┌─ MATERIAL FOR THIS EXERCISE

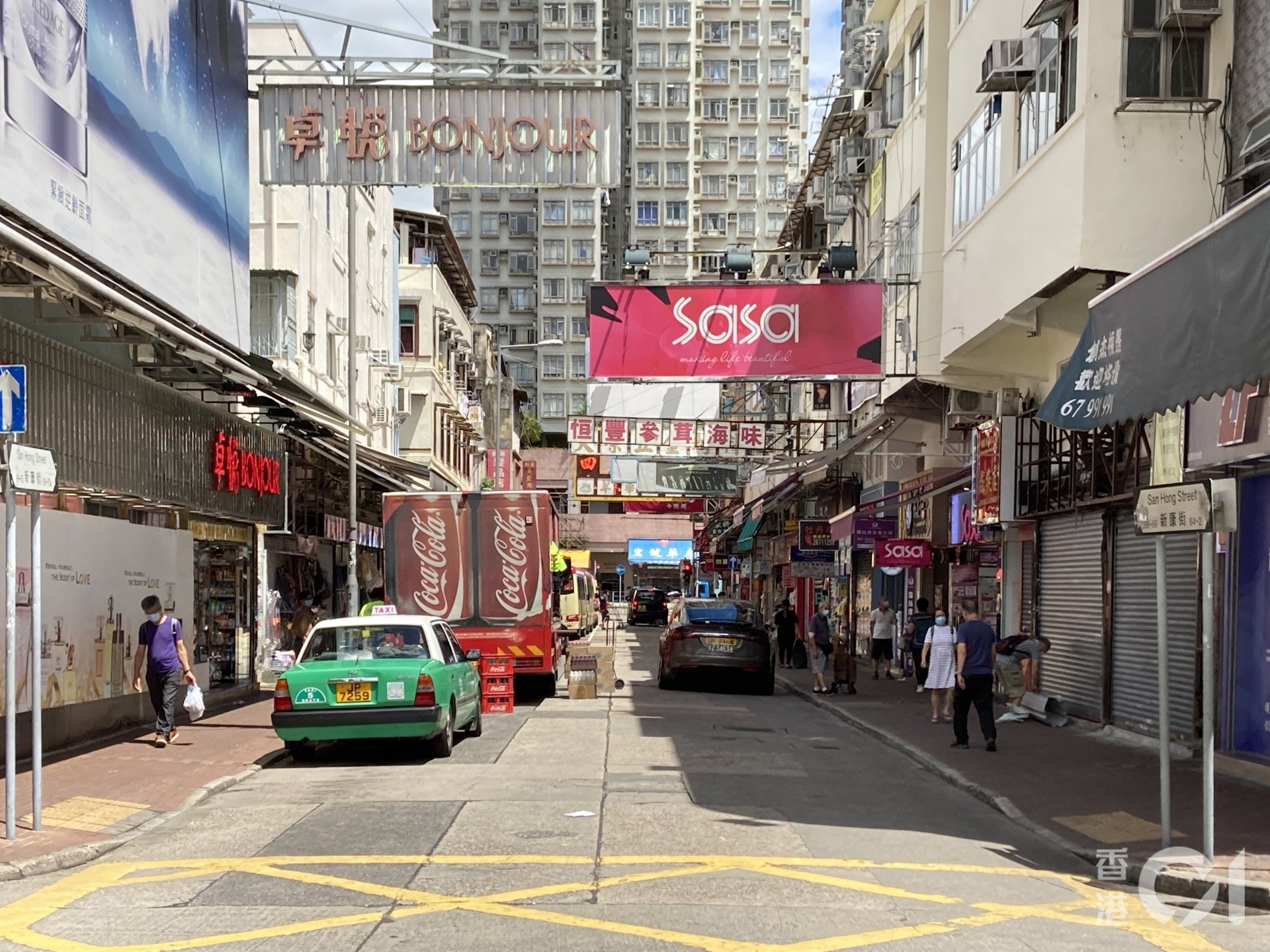 將近一半的藥房、化妝品店、兌換店已倒閉。(歐陽德浩攝) 將近一半的藥房、化妝品店、兌換店已倒閉。(歐陽德浩攝)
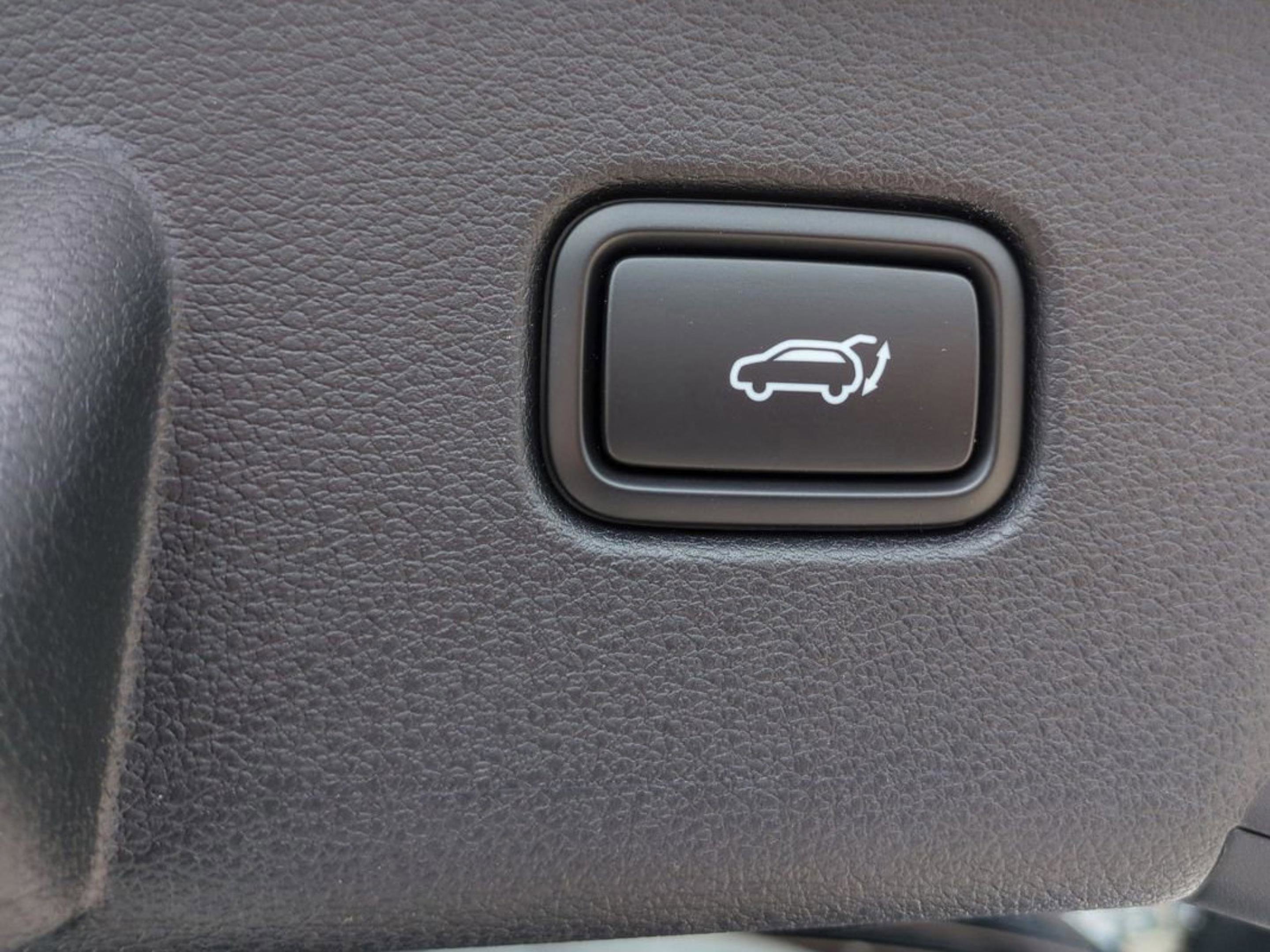2026 Kia Sportage EX photo 11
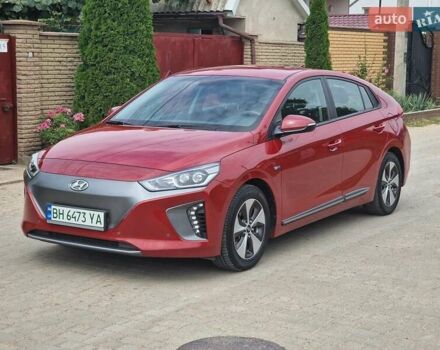Красный Хендай Ioniq, объемом двигателя 0 л и пробегом 96 тыс. км за 13900 $, фото 28 на Automoto.ua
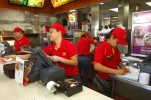 empleados-McDonalds-formacion-academica-concluida_ELFIMA20130628_0031_1.webp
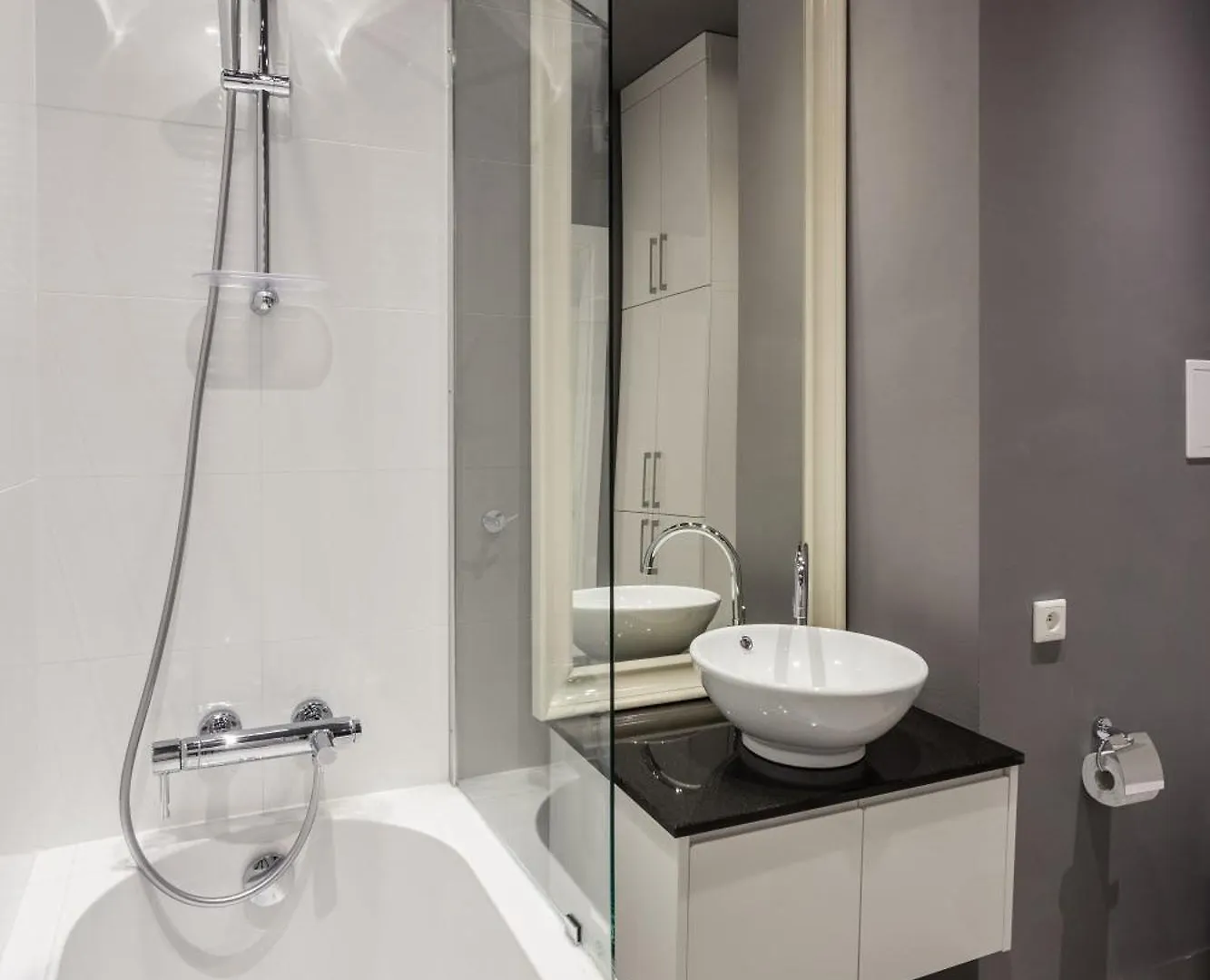 Platinum Residence Qbik 0*, Warsaw Poland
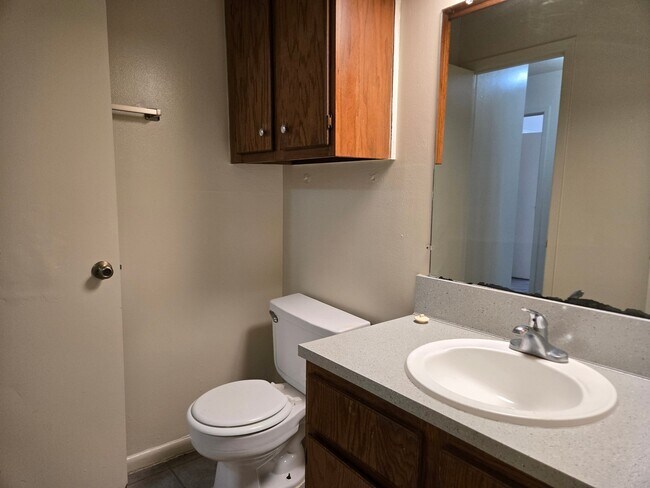 Building Photo - 2408 Bandera Dr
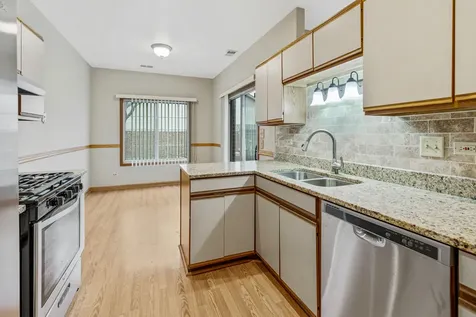 1665 Commodore Court Schaumburg IL 60193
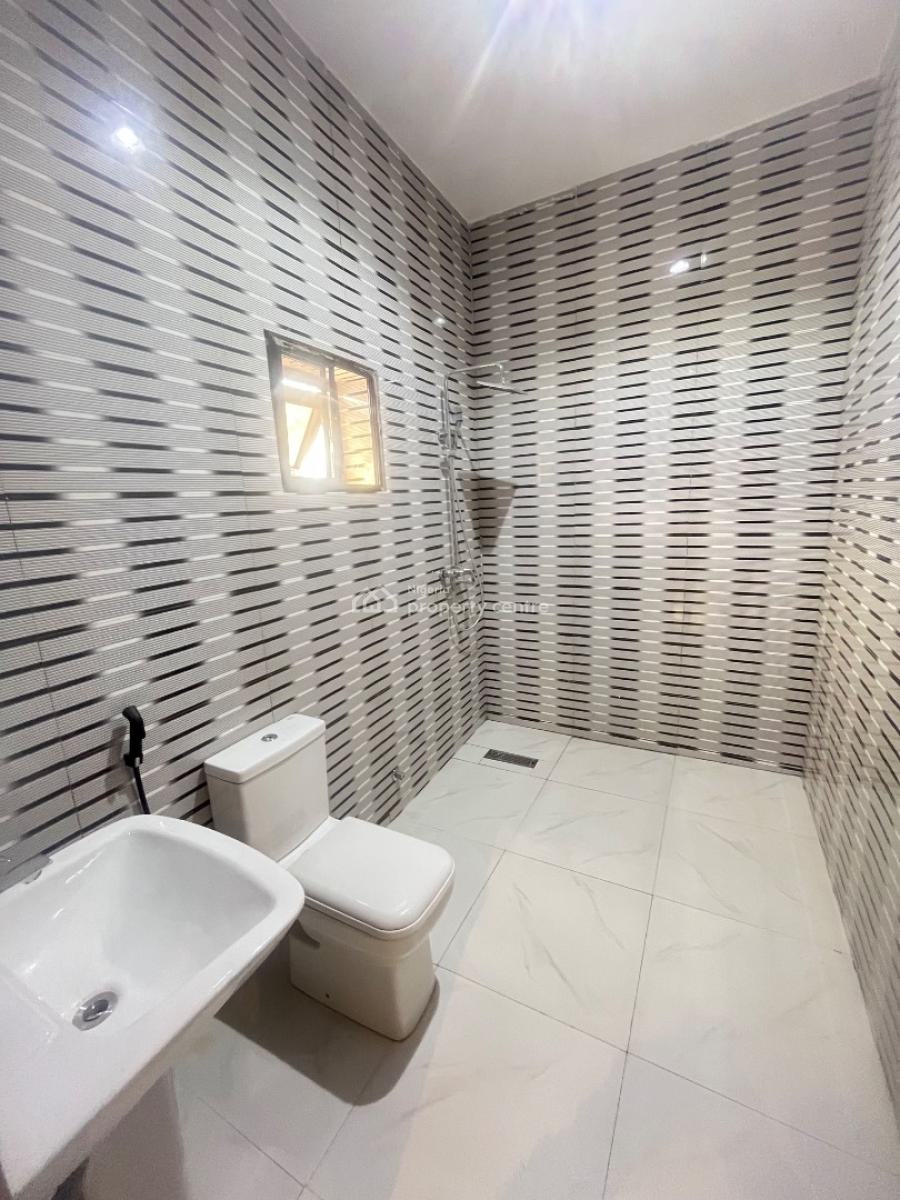 7 Bedroom Luxury Residence in Guzape Hills, Guzape Hills, Guzape District, Abuja, Detached Duplex for Sale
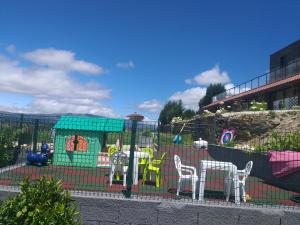 ヴィラ・レアルにあるQuinta da Corujeiraの柵の遊び場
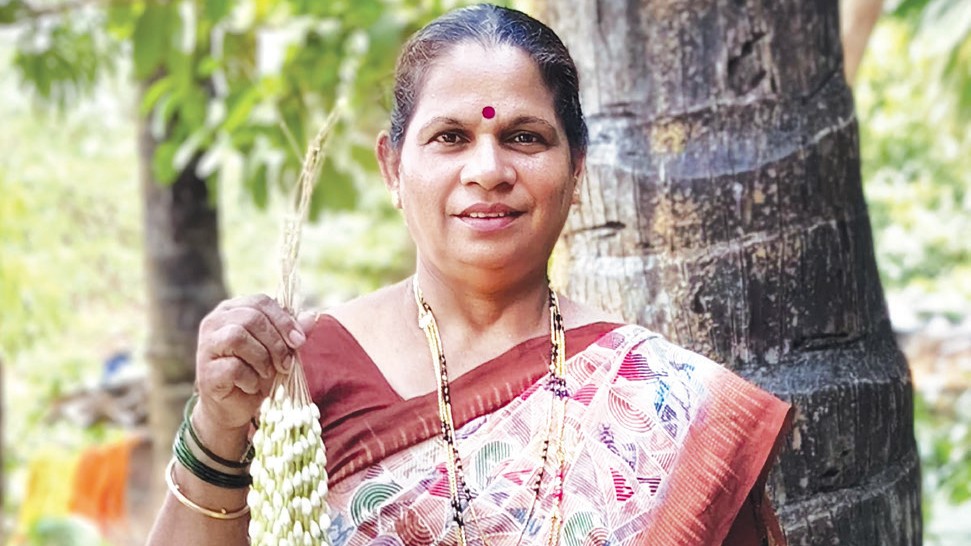 From Barren Land to Blooming Mogra: Sarita’s Inspiring Farming Journey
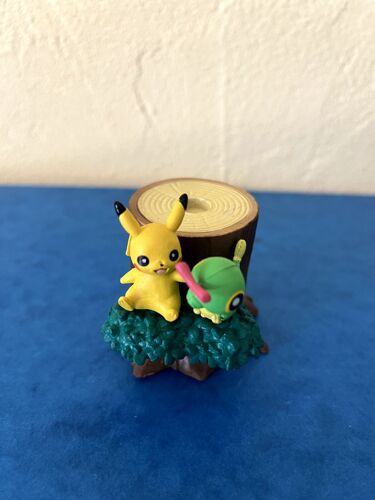 Figurine Pokémon : Pikachu Et Chenipan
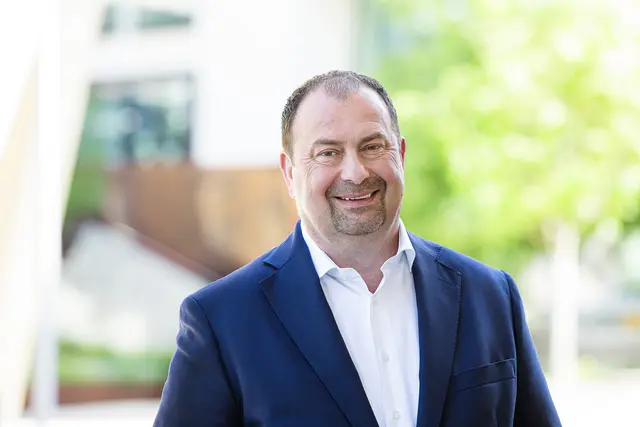 Bezirksvorsteher Alexander Nikolai (SPÖ) freut sich über die Umgestaltung der Rembrandtstraße.  | Foto: Astrid Knie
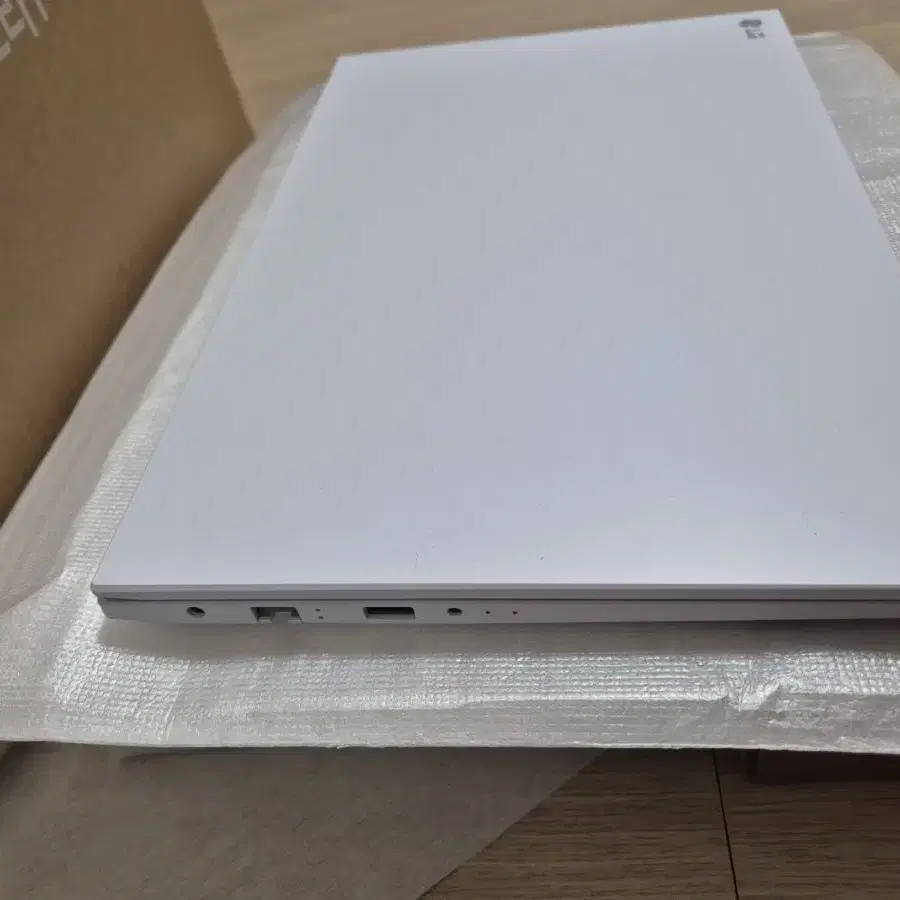 새제품급 엘지 울트라 노트북 i7-13 램16 SSD512GB 15.6"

└─

*ASSIGNED TASK*. Your copy should match the listing exactly, apart from the pictures it leaves out.

*WRITTEN REPLY*.
 將近一半的藥房、化妝品店、兌換店已倒閉。(歐陽德浩攝) 將近一半的藥房、化妝品店、兌換店已倒閉。(歐陽德浩攝)
2026 Kia Sportage EX photo 11
Красный Хендай Ioniq, объемом двигателя 0 л и пробегом 96 тыс. км за 13900 $, фото 28 на Automoto.ua
 empleados-McDonalds-formacion-academica-concluida_ELFIMA20130628_0031_1.webp
 Platinum Residence Qbik 0*, Warsaw Poland
 Building Photo - 2408 Bandera Dr
 1665 Commodore Court Schaumburg IL 60193
 7 Bedroom Luxury Residence in Guzape Hills, Guzape Hills, Guzape District, Abuja, Detached Duplex for Sale
 ヴィラ・レアルにあるQuinta da Corujeiraの柵の遊び場
 From Barren Land to Blooming Mogra: Sarita’s Inspiring Farming Journey
 Figurine Pokémon : Pikachu Et Chenipan
 Bezirksvorsteher Alexander Nikolai (SPÖ) freut sich über die Umgestaltung der Rembrandtstraße.  | Foto: Astrid Knie
 새제품급 엘지 울트라 노트북 i7-13 램16 SSD512GB 15.6"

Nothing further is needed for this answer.